___ Material for this task

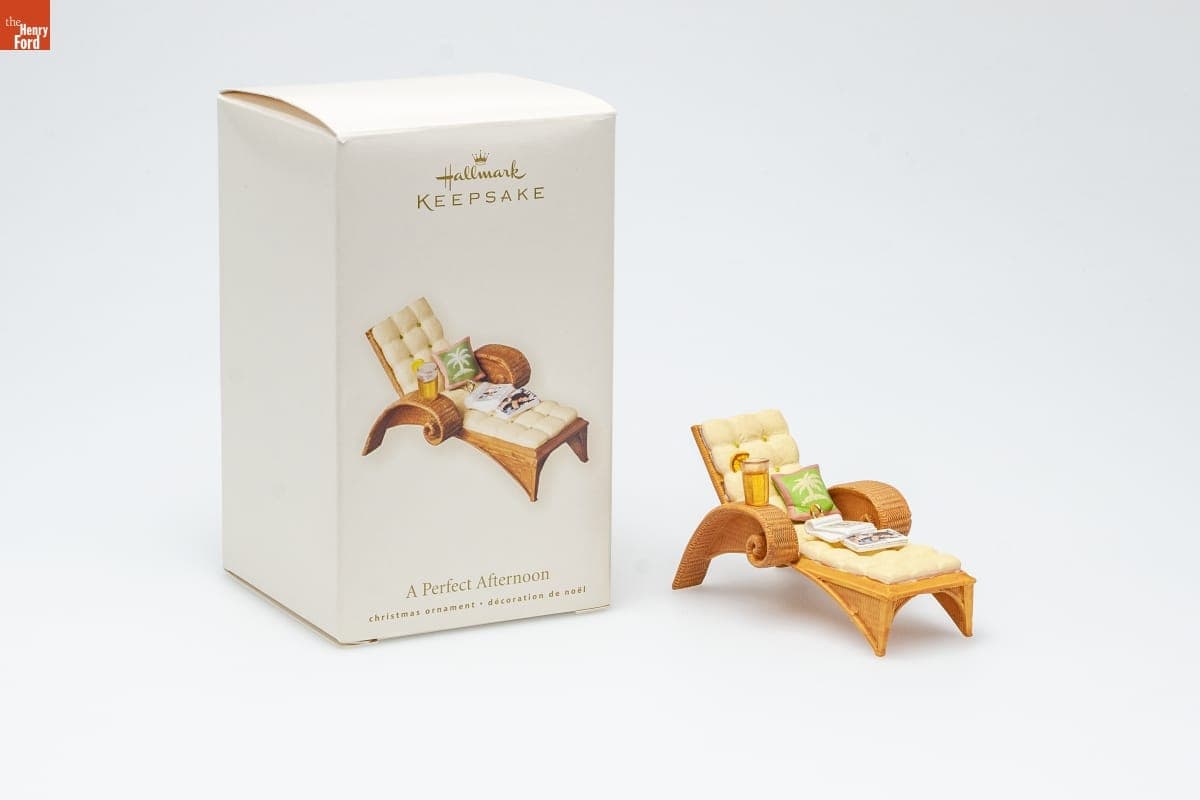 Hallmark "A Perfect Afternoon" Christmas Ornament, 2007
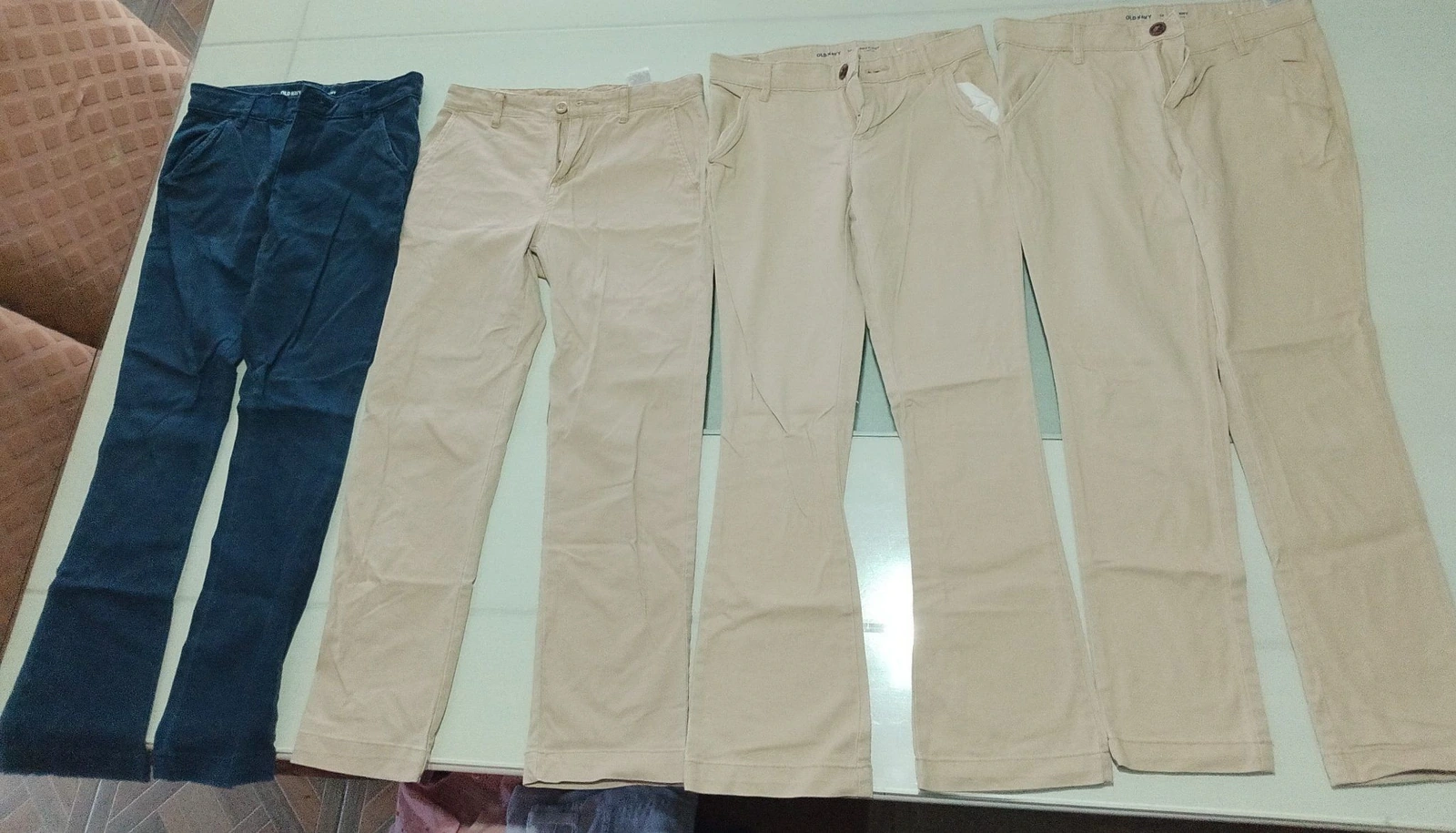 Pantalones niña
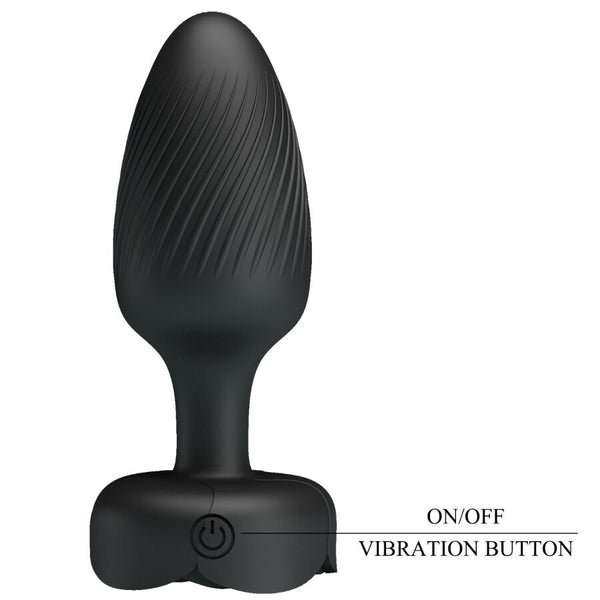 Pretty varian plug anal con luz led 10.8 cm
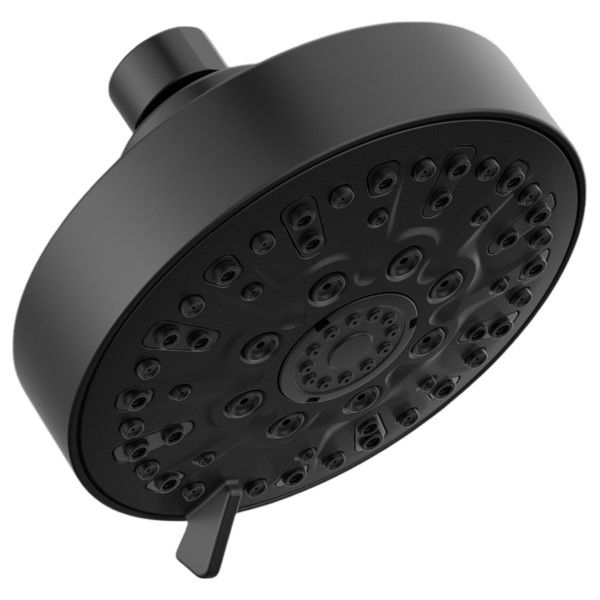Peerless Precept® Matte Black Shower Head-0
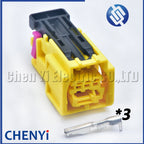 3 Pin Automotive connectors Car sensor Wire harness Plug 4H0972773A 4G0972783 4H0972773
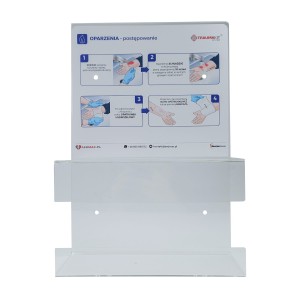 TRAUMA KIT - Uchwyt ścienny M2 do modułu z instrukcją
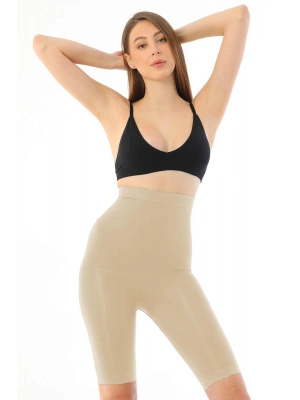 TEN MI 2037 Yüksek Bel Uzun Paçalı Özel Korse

______

(The task)
Starting at the line that contains "Pantalones niña", reproduce every line through the last one in the records exactly, and omit all pictures.

(Answer to this exercise)
 Pantalones niña
 Pretty varian plug anal con luz led 10.8 cm
Peerless Precept® Matte Black Shower Head-0
 3 Pin Automotive connectors Car sensor Wire harness Plug 4H0972773A 4G0972783 4H0972773
 TRAUMA KIT - Uchwyt ścienny M2 do modułu z instrukcją
 TEN MI 2037 Yüksek Bel Uzun Paçalı Özel Korse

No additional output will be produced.